The mere fact that there is no judgment here giving reasons for the "sufficient cause" does not in my opinion show that that discretion has not been judicially exercised. I would therefore, on both grounds dismiss this appeal with costs." -X- -X- -X- -X- -X- 18-19. The appeal thus, accordingly fails and is dismissed. The respondent is ordered to pay or deposit entire arrears of rent, if not already paid or deposited, within two days from today. The order impugned shall become enforceable only on payment or deposit of the rent as directed by the Rent Controlling Authority.
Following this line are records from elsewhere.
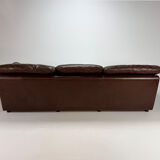 Vintage 3 seats leather Leolux Sofa, 1970s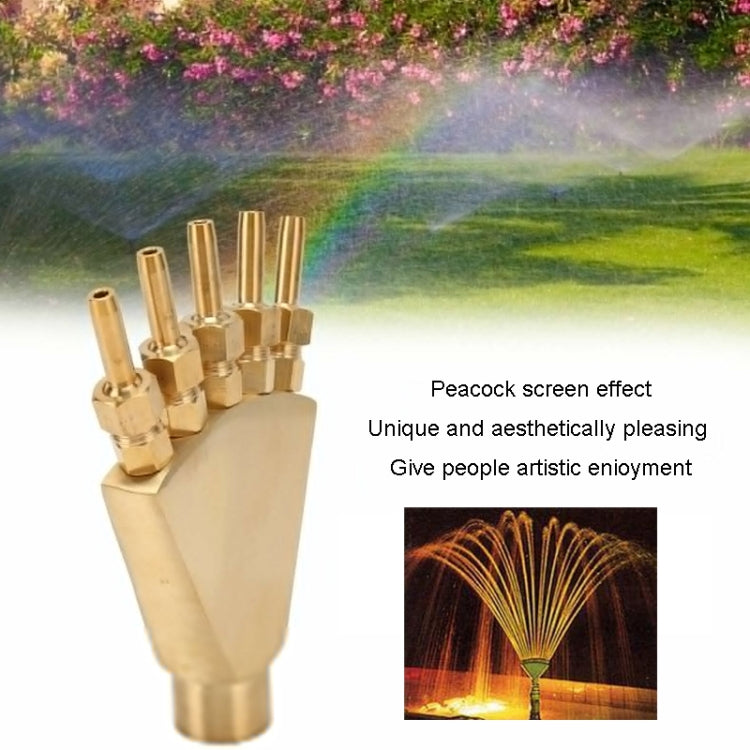 2 inch Copper Phoenix Tail Nozzle Water Landscape Fountain Equipment - Watering & Irrigation by PMc TechLife | Online Shopping South Africa | PMc TechLife | Buy Now Pay Later Mobicred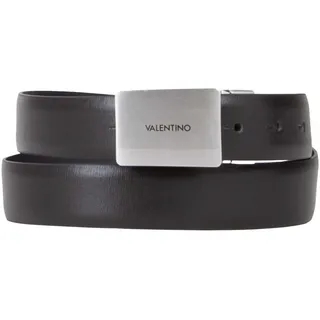 Valentino Leder Gürtel Litech Plaque Buckle Belt W95 Nero/Blu schwarz dunkelblau kürzbar wendbar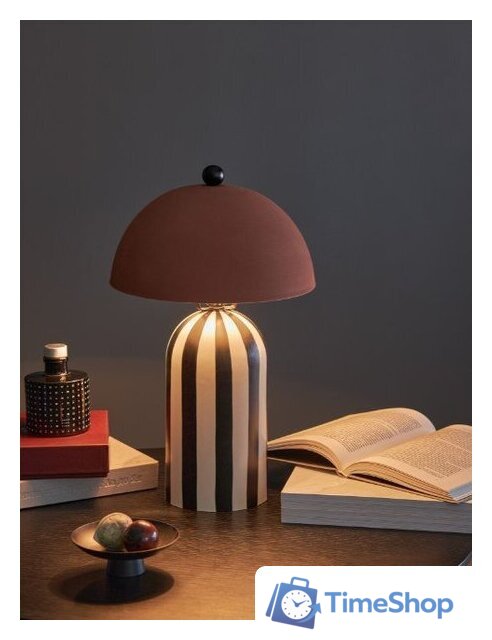 Ночник Bergenson Bjorn Anniken BB0000650 (черный/белый/терракотовый) - Изображение №5 — Интернет-магазин Time-Shop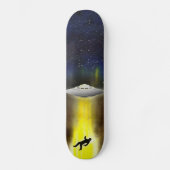 UFO-Abduktions-Skateboard Skateboard (Vorderseite)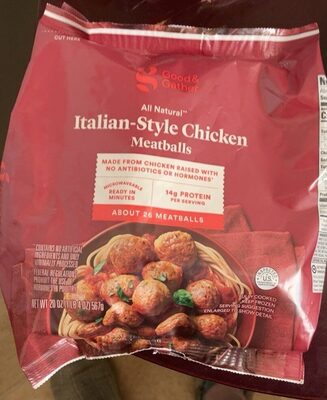 Italian-Style Chicken Meatballs, Italian-Style Chicken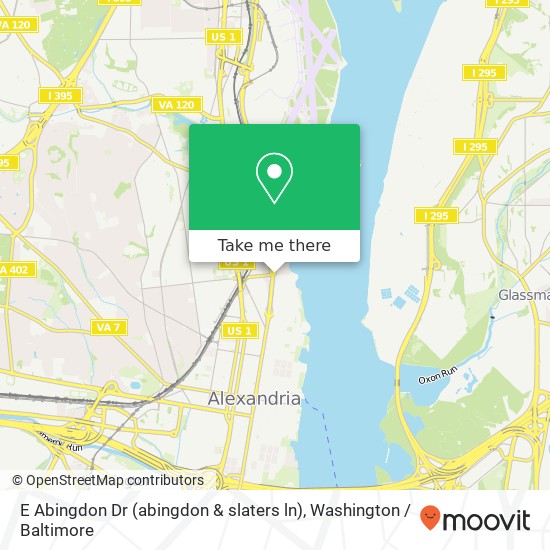 Mapa de E Abingdon Dr (abingdon & slaters ln), Alexandria, VA 22314
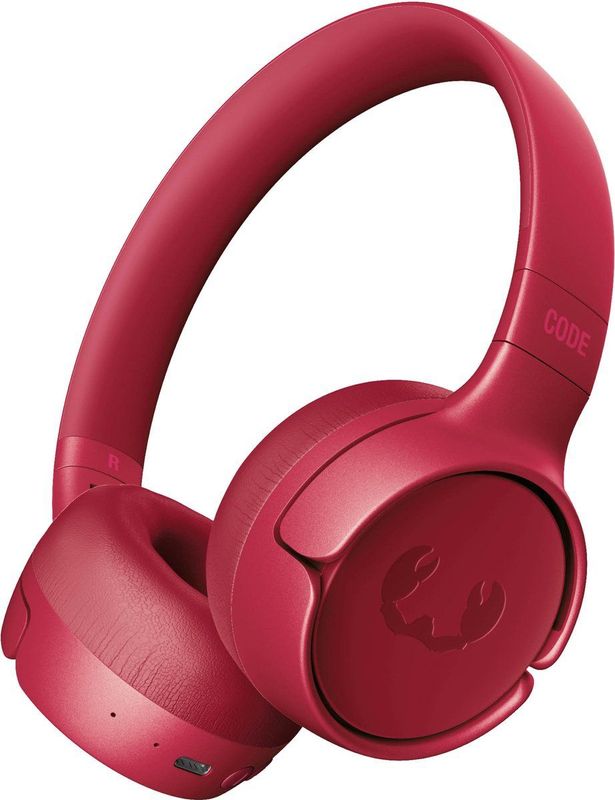 Fresh 'n Rebel - Code Fuse - Draadloze Koptelefoon - Berry Red - Bluetooth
The direction by way of interim relief is limited to the effecting of necessary repairs only. 20. However, the direction as regards adjustment of the amount of expenses in the rent, as passed by the Lower Appellate Court is set aside and the one embodied in the order of the Rent Controlling Authority is restored. 21. It is, however, clarified that nothing stated herein shall be construed as an expression of opinion on any point falling for consideration in the main petition. 22. The parties are however, in the facts and circumstances of the case, directed to bear their own costs of the appeal as incurred. 23. The parties shall appear before the Rent Controlling Authority, Indore on 12 - 4-1993 to take further orders. The records shall be returned immediately. The Rent Controlling Authority, Indore is directed to endeavour to conclude the main case within a period of three months from 12-4-1993.